Studierende der KJF Fachschule für Heilerziehungspflege und Heilerziehungspflegehilfe besuchten im Mai im Rahmen des Berufskundeunterrichts die Einrichtung des Samariterstifts Grafeneck. Die Studierenden hatten im Vorfeld projektorientiert über den Umgang mit Menschen mit Behinderung während der Zeit des Nationalsozialismus recherchiert.

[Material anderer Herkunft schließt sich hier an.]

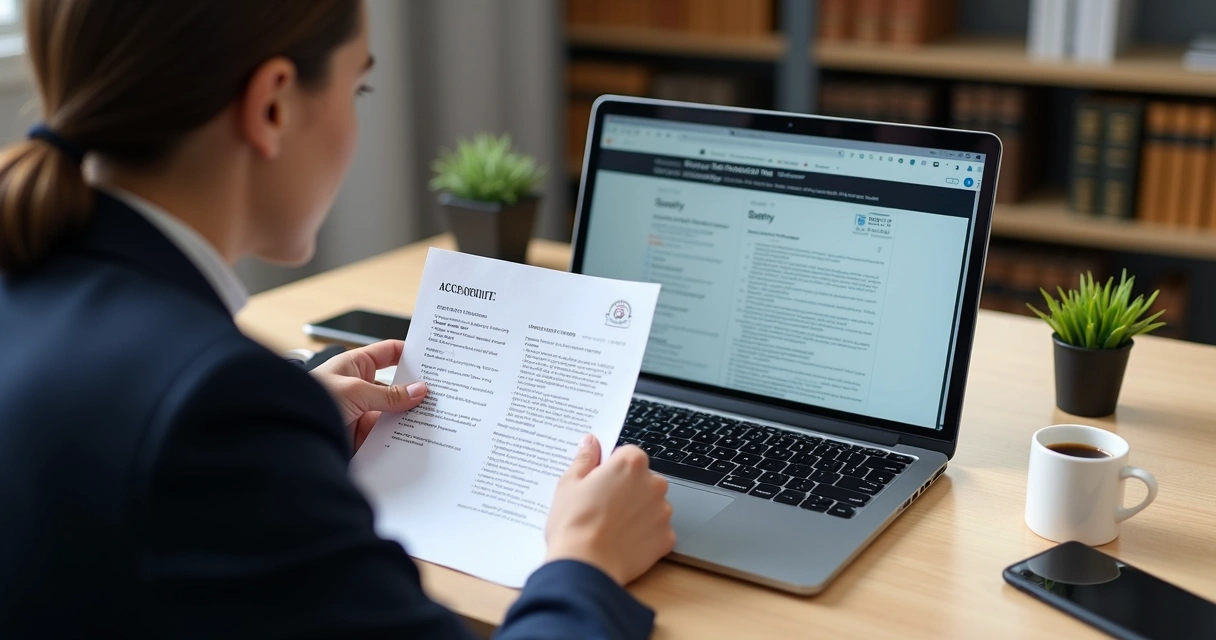 Pessoa conferindo documentos digitalizados na tela do notebook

Die Samariterstiftung bietet in dem ehemaligen Schloss Grafeneck etwa 70 Wohnplätze für Menschen mit Behinderung, dazu kommen noch Außenwohngruppen in den umliegenden Dörfern. Mit einem kleinen Biolandbetrieb und einer Werkstatt für behinderte Menschen in Münsingen bietet die Einrichtung ein umfassendes Betreuungsangebot.
Heute ist Grafeneck „ein Ort des Lebens“, erzählt der Einrichtungsleiter. Aber das Schloss hat eine düstere Vergangenheit. Im Jahr 1929 wird das Schloss als „Krüppelheim” für etwa 110 Männer von der Samariterstiftung übernommen. Aber 1939 beginnt der Alptraum, die Einrichtung wird von den Nationalsozialisten beschlagnahmt und die Bewohner und Angestellten vertrieben. Auf Schloss Grafeneck startet unter strengster Geheimhaltung der Umbau der Einrichtung zu einer Tötungsanstalt für Menschen mit Behinderung. In der aggressiven und menschenverachtenden Propaganda der Nationalsozialisten wird die Bevölkerung gegen Menschen mit Behinderung, die als „Last für das Volk“ dargestellt werden, aufgehetzt. Auf Schloss Grafeneck beginnt die Vernichtungsmaschinerie. Behinderte Menschen aus verschiedenen Einrichtungen Süddeutschlands werden in der folgenden Zeit mit grauen Bussen nach Grafeneck umgesiedelt und mit Gas vergiftet. Die Einrichtung wird hinter hohen Mauern abgeschottet, um das Geschehen zu vertuschen. Durch die Aktion T4 werden 10.654 Menschen mit Behinderung allein in Grafeneck ermordet.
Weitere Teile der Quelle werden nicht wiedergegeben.